Image-caption web data =>
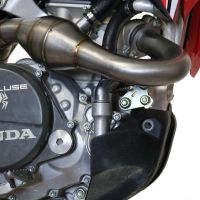 Escape compatível com Honda Crf 450 RWE 2019-2019, Pentacross Inox, Escape Racing, linha completa, silenciador duplo com db killer removível 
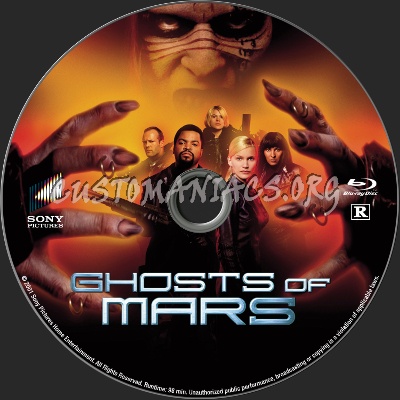 Ghosts of Mars blu-ray label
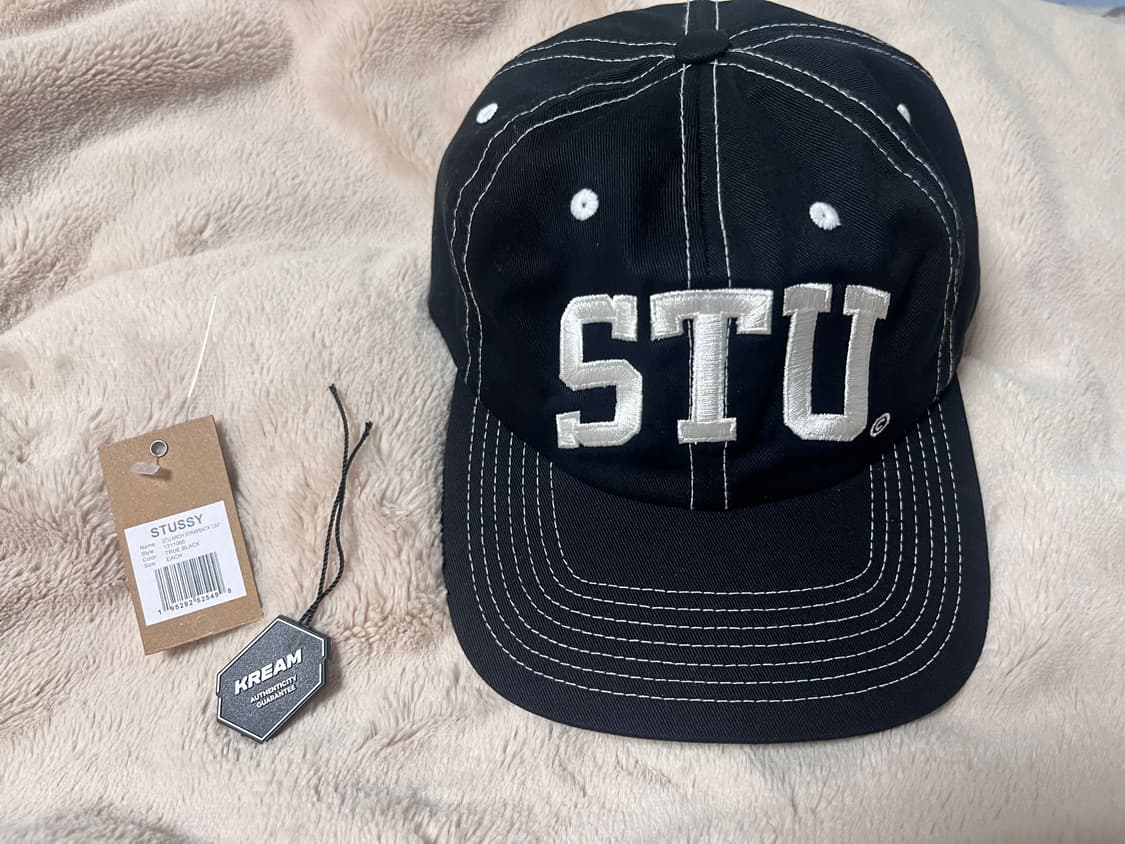 스투시 STU 스트랩백 블랙 상품이미지1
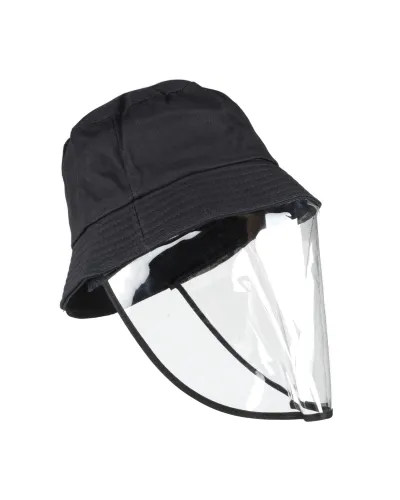 Bob avec visière amovible, Noir - Vente de chapeau de soleil - Toutacoo.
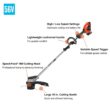 ECHO 56V 16 in. Brushless Cordless Battery String Trimmer (Tool Only) DSRM-2100BT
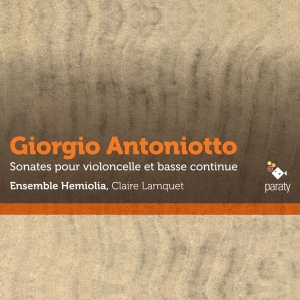 G. Antoniotto - Cello Sonatas & Bass Continuo in der Gruppe CD bei Bengans Skivbutik AB (2523000)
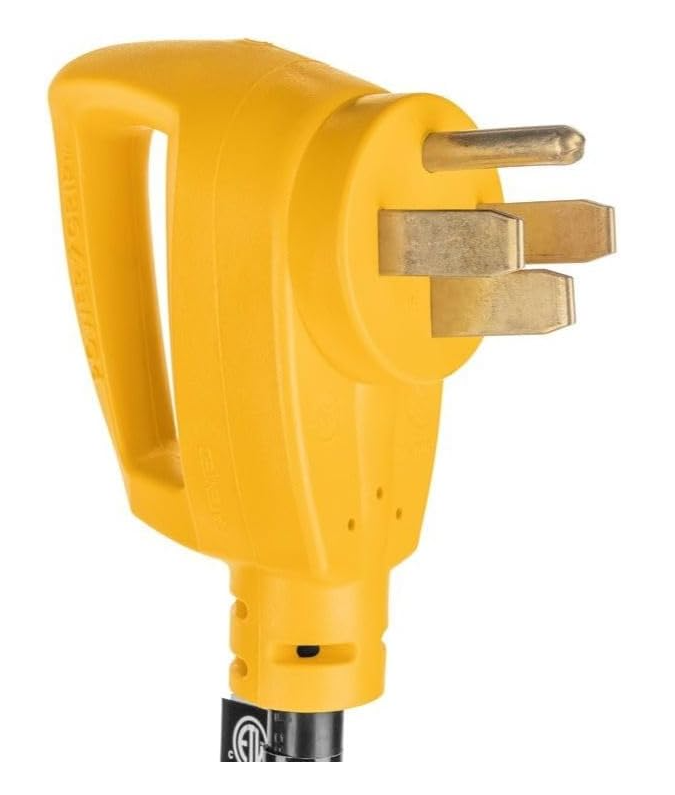 Camco PowerGrip Dogbone Electrical Adapter, 18" – 50A Male to 30A Female (55173)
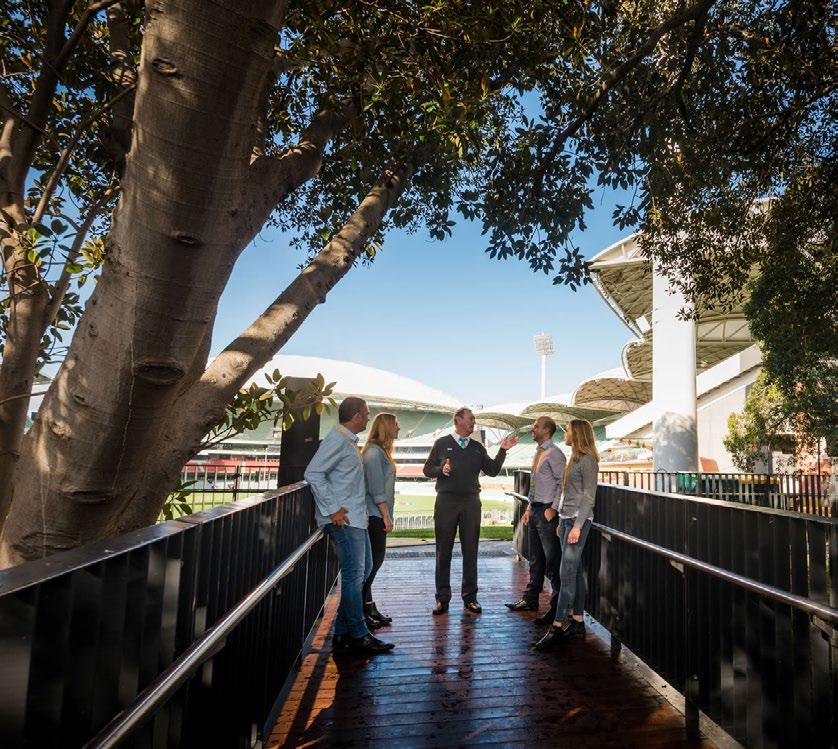 CORPORATE & GROUP STADIUM TOURS Invite your guests to take an unforgettable journey behind the scenes at Adelaide Oval.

Task prompt => Give every record again without changing a word. Exclude the pictures.

Solution below =>
 Escape compatível com Honda Crf 450 RWE 2019-2019, Pentacross Inox, Escape Racing, linha completa, silenciador duplo com db killer removível 
 Ghosts of Mars blu-ray label
 스투시 STU 스트랩백 블랙 상품이미지1
 Bob avec visière amovible, Noir - Vente de chapeau de soleil - Toutacoo.
 ECHO 56V 16 in. Brushless Cordless Battery String Trimmer (Tool Only) DSRM-2100BT
 G. Antoniotto - Cello Sonatas & Bass Continuo in der Gruppe CD bei Bengans Skivbutik AB (2523000)
 Camco PowerGrip Dogbone Electrical Adapter, 18" – 50A Male to 30A Female (55173)
 CORPORATE & GROUP STADIUM TOURS Invite your guests to take an unforgettable journey behind the scenes at Adelaide Oval.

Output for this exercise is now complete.